━━━━━ Data for review ━━━━━
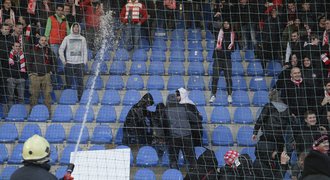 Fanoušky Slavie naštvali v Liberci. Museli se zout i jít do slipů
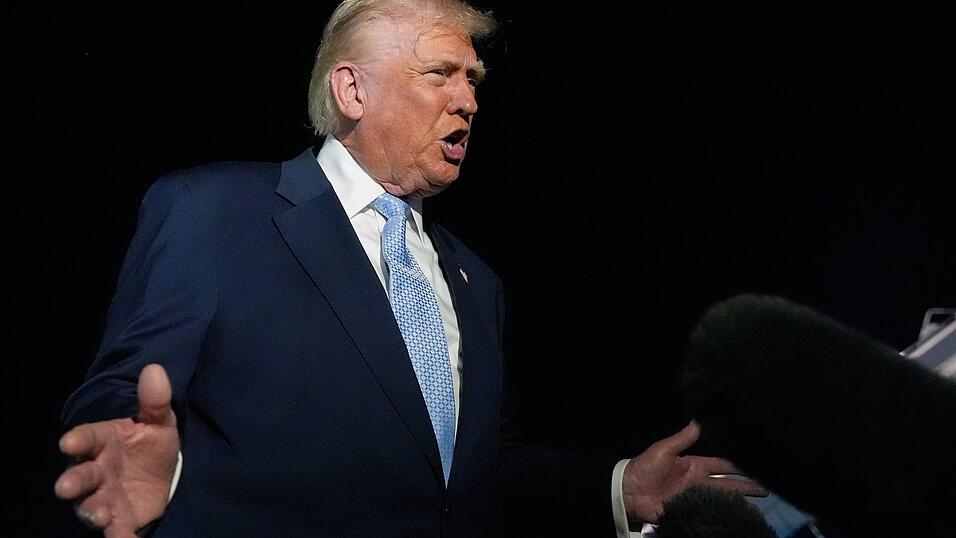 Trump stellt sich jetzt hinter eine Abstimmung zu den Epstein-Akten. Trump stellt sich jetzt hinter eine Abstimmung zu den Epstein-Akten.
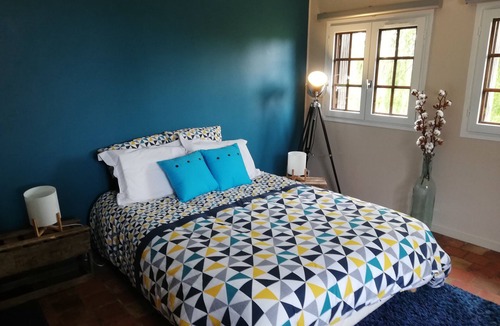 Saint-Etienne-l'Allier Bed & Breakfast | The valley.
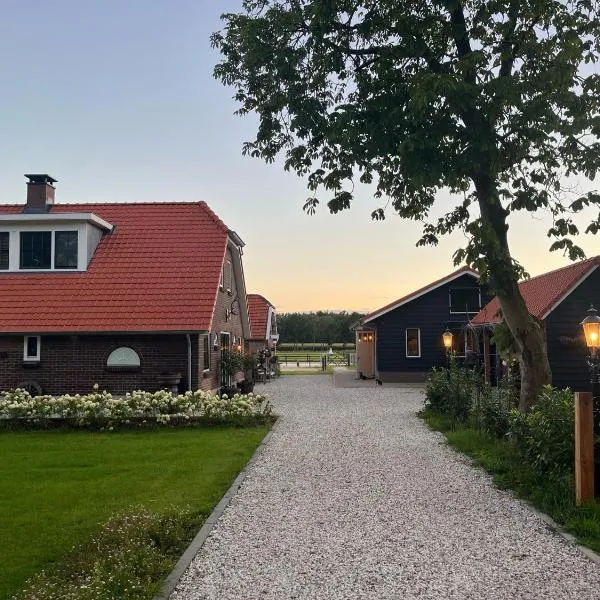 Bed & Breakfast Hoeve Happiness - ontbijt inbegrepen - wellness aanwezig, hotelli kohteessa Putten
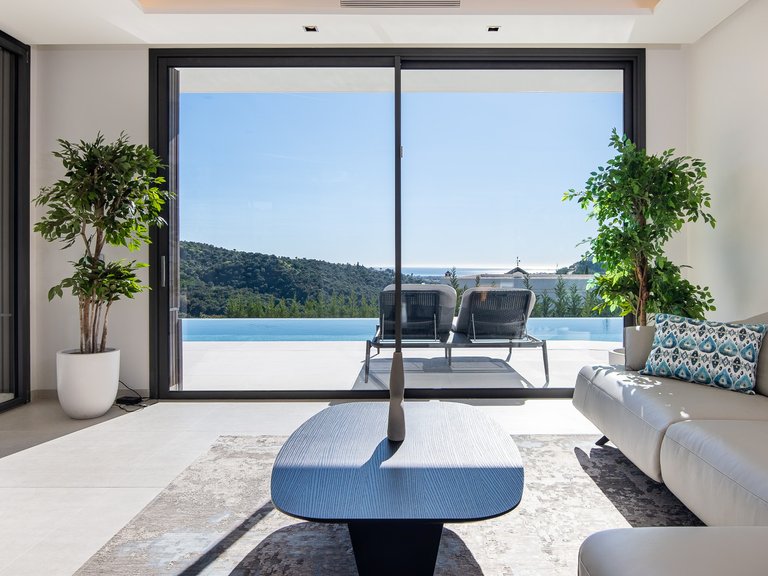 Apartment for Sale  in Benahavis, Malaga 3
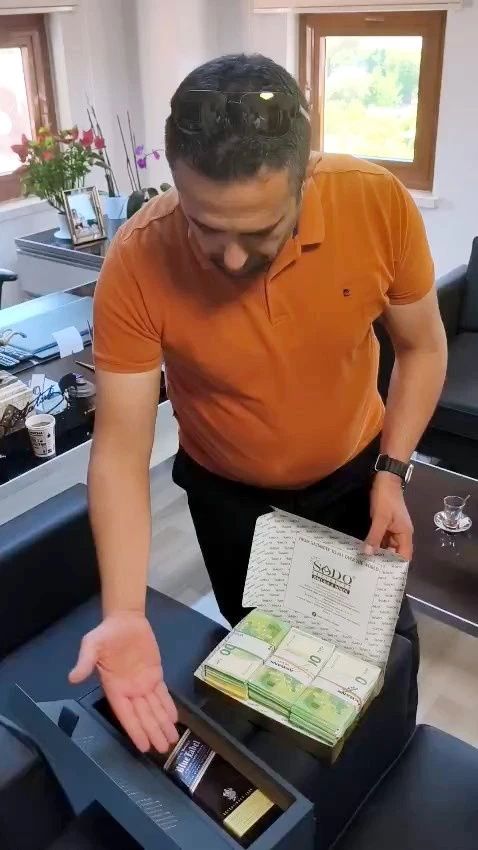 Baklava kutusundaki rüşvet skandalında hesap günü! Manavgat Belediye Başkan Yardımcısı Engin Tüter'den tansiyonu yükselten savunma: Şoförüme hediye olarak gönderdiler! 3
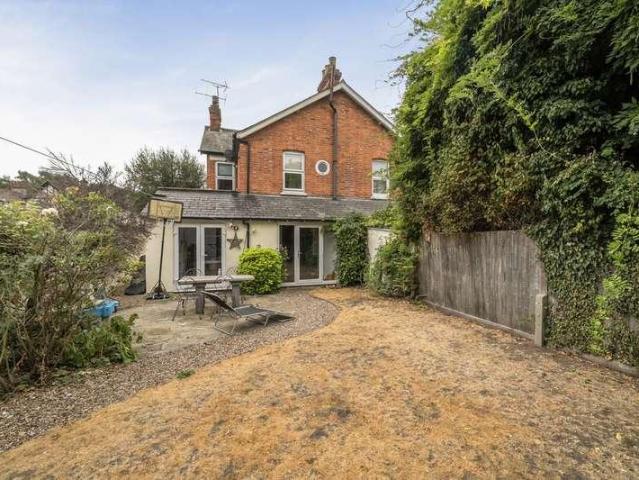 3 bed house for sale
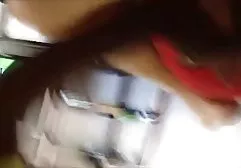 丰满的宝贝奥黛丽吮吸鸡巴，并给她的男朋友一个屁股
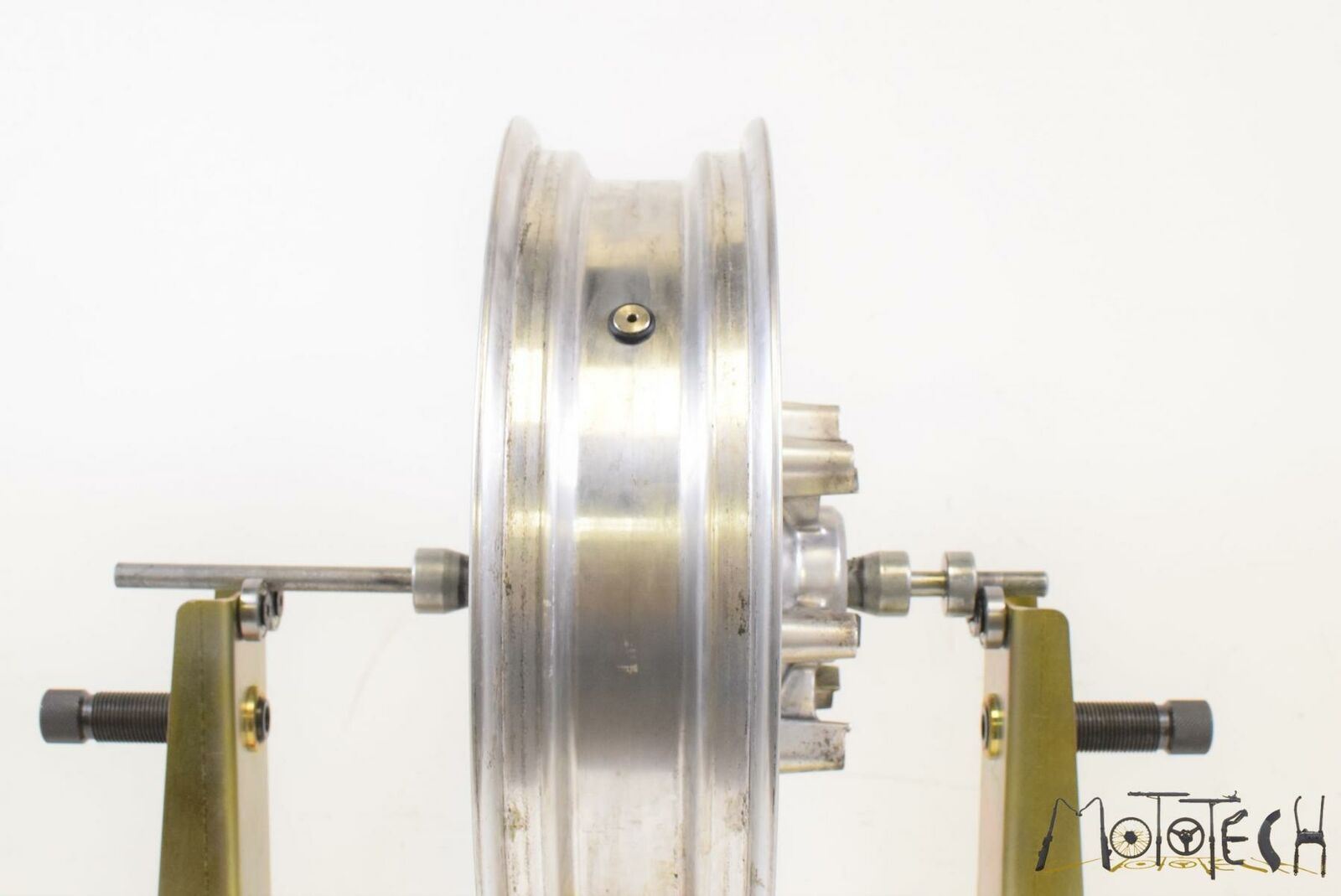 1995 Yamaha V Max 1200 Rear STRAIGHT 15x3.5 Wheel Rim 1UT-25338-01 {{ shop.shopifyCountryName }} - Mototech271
━━━━━
Work instructions
Word for word, give the entries back in full; the pictures do not belong in the copy.

Exercise answer
 Fanoušky Slavie naštvali v Liberci. Museli se zout i jít do slipů
 Trump stellt sich jetzt hinter eine Abstimmung zu den Epstein-Akten. Trump stellt sich jetzt hinter eine Abstimmung zu den Epstein-Akten.
 Saint-Etienne-l'Allier Bed & Breakfast | The valley.
 Bed & Breakfast Hoeve Happiness - ontbijt inbegrepen - wellness aanwezig, hotelli kohteessa Putten
 Apartment for Sale  in Benahavis, Malaga 3
 Baklava kutusundaki rüşvet skandalında hesap günü! Manavgat Belediye Başkan Yardımcısı Engin Tüter'den tansiyonu yükselten savunma: Şoförüme hediye olarak gönderdiler! 3
 3 bed house for sale
 丰满的宝贝奥黛丽吮吸鸡巴，并给她的男朋友一个屁股
 1995 Yamaha V Max 1200 Rear STRAIGHT 15x3.5 Wheel Rim 1UT-25338-01 {{ shop.shopifyCountryName }} - Mototech271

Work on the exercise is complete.